# Possible to use one pair of speakers as rear surround AND zone 2 but not at the same time?



## jaydee77ca (Jan 18, 2014)

Hi,

I'm hoping someone out there can help me with a conundrum.

I ordered a Yamaha RX-V675 AV receiver. I have a 5.1 speaker setup in the family room. Right behind the family room I have a galley bar with a single stereo speaker in the ceiling and a volume control on the wall. The speaker is going to be connected to zone 2 on the receiver.

I'm wondering two things:
1. Can I use use the bar speaker as the rear surround channel in a 7.1 configuration? Would the rear surround sound be ok from a single stereo speaker?
2. Is there a way to use the bar speaker as BOTH zone 2 AND rear surround but NOT at the same time?

I know I could do this if I went to the receiver and disconnected the bar speaker from the zone 2 outputs and connected it to the rear surround outputs when I want to use 7.1 and then switch them back again. But I don't want to have to do that every time. Is there an automated way?

I know the Yamaha supports dynamic switching between 7.1 and zone 2 but it seems that it only does it when you have both a set of rear surround speakers AND separate zone 2 speakers.
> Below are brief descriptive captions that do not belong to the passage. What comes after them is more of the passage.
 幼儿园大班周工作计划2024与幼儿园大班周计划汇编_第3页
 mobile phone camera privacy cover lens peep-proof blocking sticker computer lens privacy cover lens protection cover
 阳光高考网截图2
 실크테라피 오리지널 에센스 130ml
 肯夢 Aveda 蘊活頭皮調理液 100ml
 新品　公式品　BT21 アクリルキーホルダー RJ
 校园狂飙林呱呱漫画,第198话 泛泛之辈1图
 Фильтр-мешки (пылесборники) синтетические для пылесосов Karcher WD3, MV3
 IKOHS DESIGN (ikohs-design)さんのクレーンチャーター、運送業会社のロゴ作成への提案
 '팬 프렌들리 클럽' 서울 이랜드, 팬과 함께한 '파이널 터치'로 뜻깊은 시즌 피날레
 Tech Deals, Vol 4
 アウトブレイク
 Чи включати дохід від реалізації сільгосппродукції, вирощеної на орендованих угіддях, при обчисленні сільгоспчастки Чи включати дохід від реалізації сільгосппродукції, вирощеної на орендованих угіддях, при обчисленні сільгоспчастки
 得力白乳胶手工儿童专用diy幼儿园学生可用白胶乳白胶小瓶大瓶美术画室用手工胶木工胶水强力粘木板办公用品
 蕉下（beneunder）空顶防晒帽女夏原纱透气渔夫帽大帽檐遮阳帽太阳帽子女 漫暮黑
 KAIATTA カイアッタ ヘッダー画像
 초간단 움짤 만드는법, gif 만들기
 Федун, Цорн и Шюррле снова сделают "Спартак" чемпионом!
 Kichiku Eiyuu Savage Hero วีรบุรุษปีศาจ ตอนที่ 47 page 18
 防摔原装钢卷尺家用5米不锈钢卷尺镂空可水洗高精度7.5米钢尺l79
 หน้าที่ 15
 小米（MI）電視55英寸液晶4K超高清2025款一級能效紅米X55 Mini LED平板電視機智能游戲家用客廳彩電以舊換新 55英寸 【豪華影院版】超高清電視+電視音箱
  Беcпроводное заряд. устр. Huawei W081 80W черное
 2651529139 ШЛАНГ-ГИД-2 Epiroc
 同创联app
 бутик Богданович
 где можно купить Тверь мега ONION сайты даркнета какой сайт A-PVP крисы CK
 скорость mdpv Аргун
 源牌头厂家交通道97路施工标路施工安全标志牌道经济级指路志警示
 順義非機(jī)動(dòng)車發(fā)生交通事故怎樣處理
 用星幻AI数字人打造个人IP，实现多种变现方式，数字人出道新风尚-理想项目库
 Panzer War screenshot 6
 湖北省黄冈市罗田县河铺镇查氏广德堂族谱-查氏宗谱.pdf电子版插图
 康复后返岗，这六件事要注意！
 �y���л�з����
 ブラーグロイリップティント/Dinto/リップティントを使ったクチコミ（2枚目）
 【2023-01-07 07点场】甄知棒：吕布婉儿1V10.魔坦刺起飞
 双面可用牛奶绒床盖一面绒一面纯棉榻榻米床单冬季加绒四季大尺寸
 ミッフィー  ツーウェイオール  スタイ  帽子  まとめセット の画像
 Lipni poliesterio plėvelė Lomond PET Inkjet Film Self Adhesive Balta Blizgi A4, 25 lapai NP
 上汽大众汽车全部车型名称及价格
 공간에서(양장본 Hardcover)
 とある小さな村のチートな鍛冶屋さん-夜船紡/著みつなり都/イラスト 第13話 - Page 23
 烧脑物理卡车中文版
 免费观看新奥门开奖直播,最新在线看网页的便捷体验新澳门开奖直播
The reason I want this is that normally I'd have them on zone 2 so we can have music at the bar and the tv on playing 5.1. When we happen to be watching 7.1 content we wouldn't need the music at the bar so they can become the rear surrounds.

Any ideas?

Thanks!


----------



## gazoink (Apr 17, 2013)

jaydee77ca said:


> Hi,
> 
> I'm hoping someone out there can help me with a conundrum.
> 
> ...


Sure, but I'd suggest a thorough reading of your manual first. For most AVRs, the choice between 7.1 and 5.1/Zone2 is made at setup, and not easily changed back and forth. It's certainly not just a front panel button, more likely buried in a setup menu somewhere. If you don't mind chunking through menus every time you want to change config, it could be done, but it's not going to be convenient.


----------